The world’s greatest investors: Martin Taylor

After studying history at King’s College, Cambridge, Martin Taylor joined Coopers & Lybrand as an auditor in 1991, qualifying as a chartered accountant in 1994. He then moved to Baring Asset Management, managing investment trusts focused on eastern and emerging Europe. He left Barings to join Thames River Capital, for which he ran the Nevsky Fund (from 2007 he ran it through his own company). In early 2011 he turned it into a listed investment trust, which he ran until 2015, when he retired from investment.

What was his strategy?

Taylor focused on emerging markets – especially the countries of the former Soviet Union – and combined a top-down approach (which involved forecasting economic trends) with a bottom-up approach (looking for individual firms that could benefit).

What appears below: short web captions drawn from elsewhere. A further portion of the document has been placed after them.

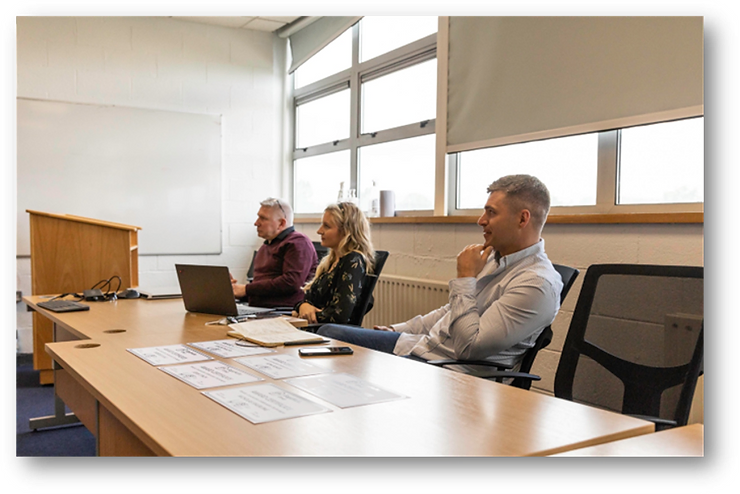 shereen-pictured-in-2023-revisiting-SETU’s-construction- collaboration-technology-module-alongside-gagamuller-group-ceo-thomas-gillen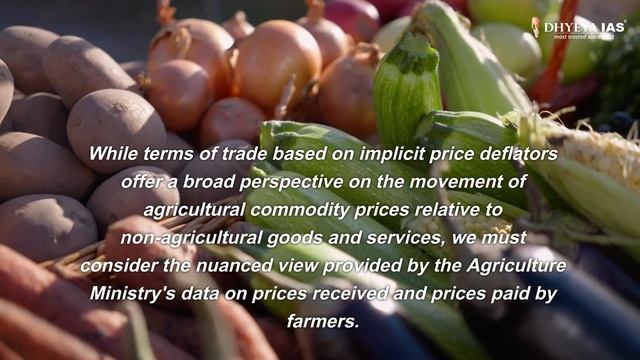 Daily News Videos :Transformations in India's Agricultural Terms of Trade| Dhyeya IAS смотреть онлайн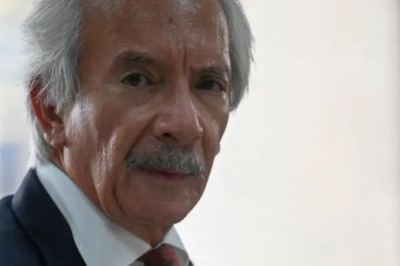 Sala revoca medidas sustitutivas que juez Erick García otorgó a José Rubén Zamora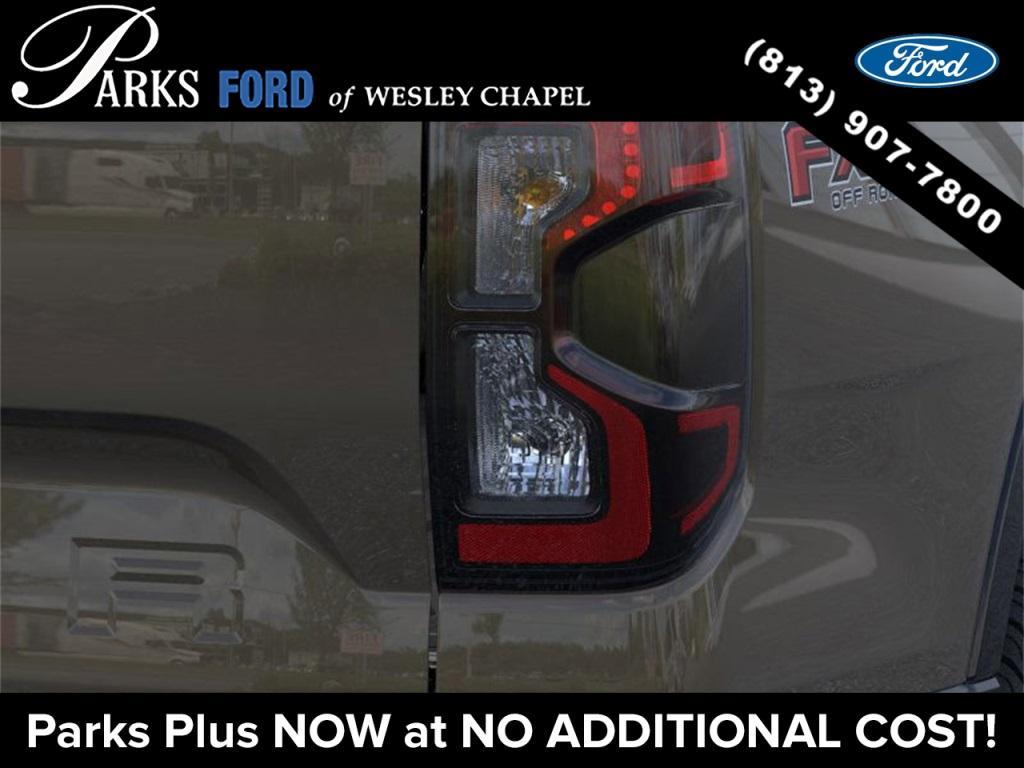 new 2025 Ford Ranger car, priced at $49,449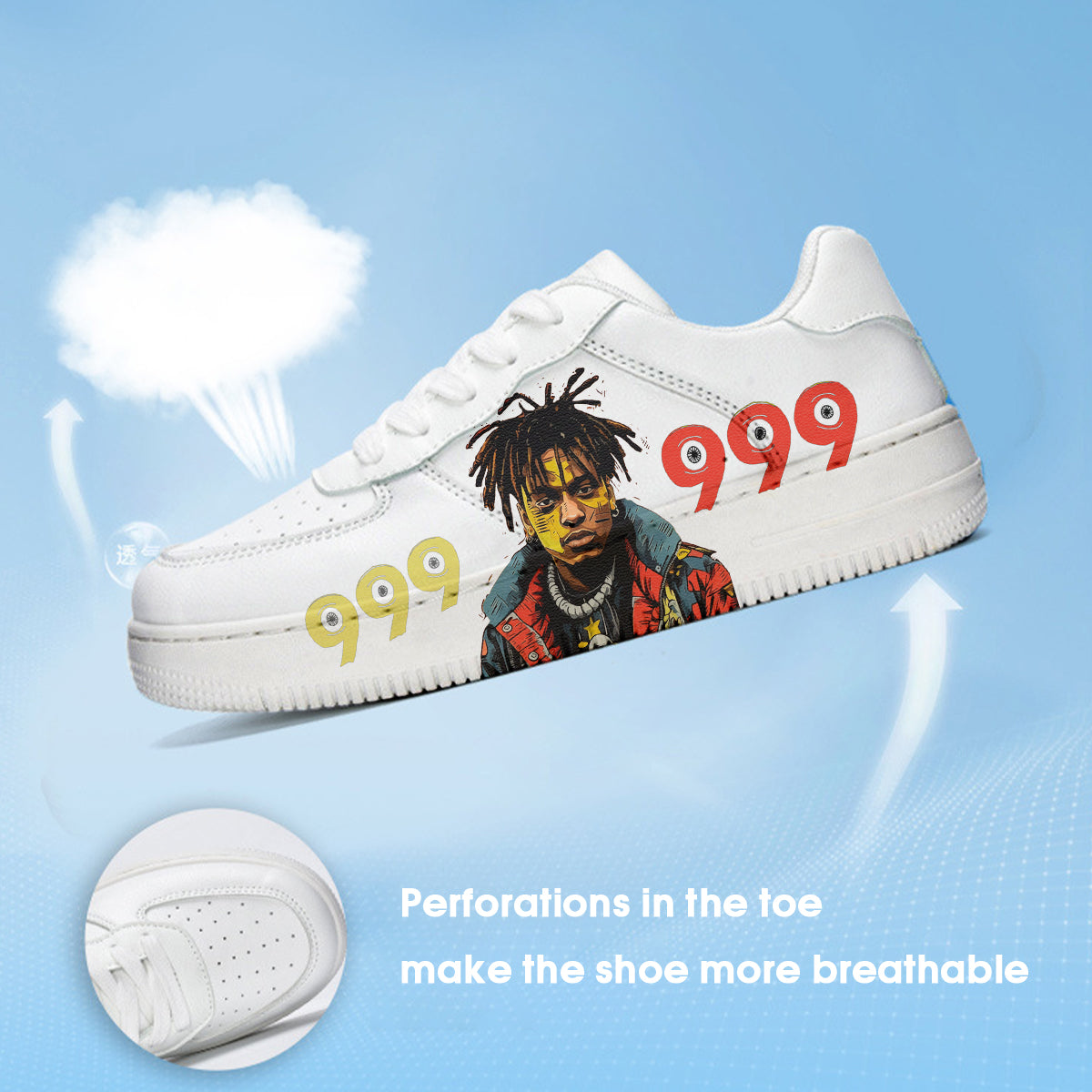 Juice Wrld Sneaker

He wound up his fund in 2016 after he concluded that this approach could no longer be profitable if companies (and countries) were unwilling to be open about their performance.

Did this work?

During his final two years, Nevsky did relatively poorly, losing 1.4% in 2014 and making only 0.4% in 2015. However, between 2000 and 2015, the various versions of the Nevsky Fund returned an average of 18.4% per year, so £1,000 invested in the fund would have been worth £13,130 in 2015. This was vastly more than either the 7.4% per year from the MSCI Emerging Markets index or the 3.5% per year from the MSCI World index, during the same period. If you include his performance at Barings, his returns were 22% a year, compared with 5%-6% for the main developed and emerging-market global indices.

What was his best trade?

While at Barings, Taylor spotted that Russian oligarchs were stashing large sums of money abroad, causing currency reserves to decline, contradicting official suggestions of a trade surplus. When rumours about Yeltsin’s health caused Russian shares to wobble in September 1997, he realised that the bubble was over, dumping all his Russian shares (40% of his benchmark). Not only did he avoid the subsequent 80% market decline, but he was able to buy emerging-market stocks cheaply again in the aftermath of the October 1998 default.

What lessons can investors learn from him?

Looking critically at economic data, rather than just taking it at face value, can reveal information that others may have missed. However, trading requires an edge, so if you feel that your strategy no longer works – or it’s becoming impossible to make money – there’s no shame in taking a break from the markets, or trying a different approach.